Before masterminding Resident Evil, game design legend Shinji Mikami worked on Aladdin for Super NES, and Mikami recently revealed that after the US release, Genie had to be scrubbed from the international box art. Just as Williams didn’t want Genie prominently on the movie posters, having him on the box art also became a no-no, so the blue guy was gone from boxes in Japan and Europe. As you can see above, that “No Genies Allowed” rule extended to the NES, Game Boy, and PC versions as well.
Genie’s outfit At the end is a direct reference to Robin’s early Disney work
Robin Williams’ passing is one of the saddest celebrity deaths in recent memory (sorry to bum you out again), but it came with a small consolation. It gave people everywhere a chance to rediscover some less-seen work of his lengthy career. That included a promotional video where Robin teamed up with Walter Cronkite of all people to discuss Disney’s animation process. While rarely seen outside of theme parks, it had very direct reference during Genie’s final appearance in Aladdin.
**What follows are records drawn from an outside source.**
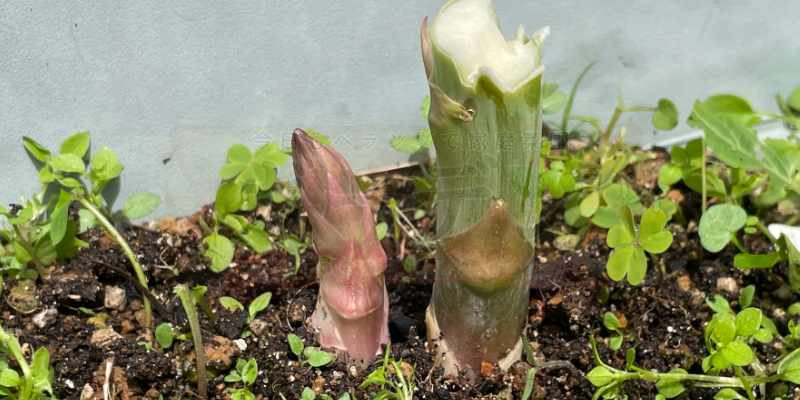 収穫済みの極太アスパラの横から新しく出てきた太いアスパラガス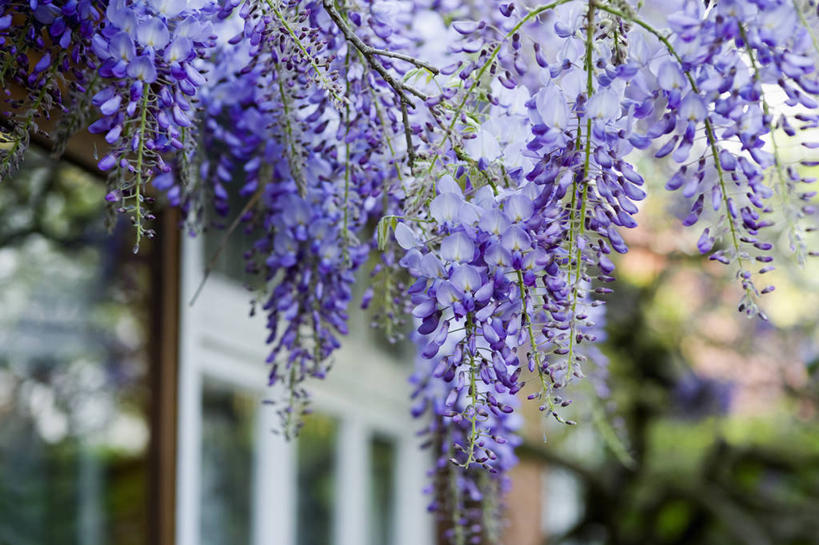 无人,攀登,横图,室外,特写,白天,美景,植物,英国,景观,紫藤,花,花瓣,紫色,自然,春天,景色,摄影,灌木,自然风光,落叶树,柴郡,彩图,对焦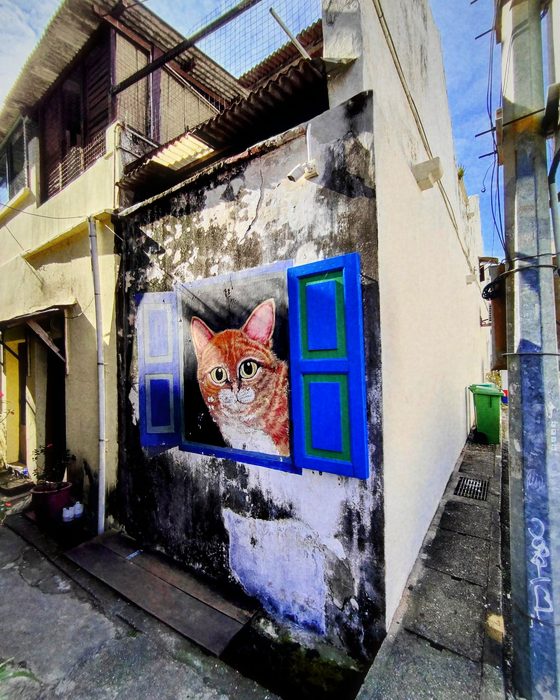 A photograph made with Chrome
As we’ve explained before, Back To Neverland is a short film shown at Disney’s MGM/Hollywood Studios theme park that explains how cartoons are made, though there’s little mention of shipping a majority of animation to Korea. At the start of the 10 minute featurette, Cronkite meets Robin dressed as the stereotypical Disney park attendee, wearing a Goofy hat and Hawaiian shirt. Back To Neverland’s director Jerry Rees details the filming on his blog, and even suggests that Robin’s great work led to his casting in Aladdin. Rees goes on to say that Robin’s costume appears on Genie as a hat tip from the directors of Aladdin, recognizing when they first realized Williams and animation are an unbeatable combination.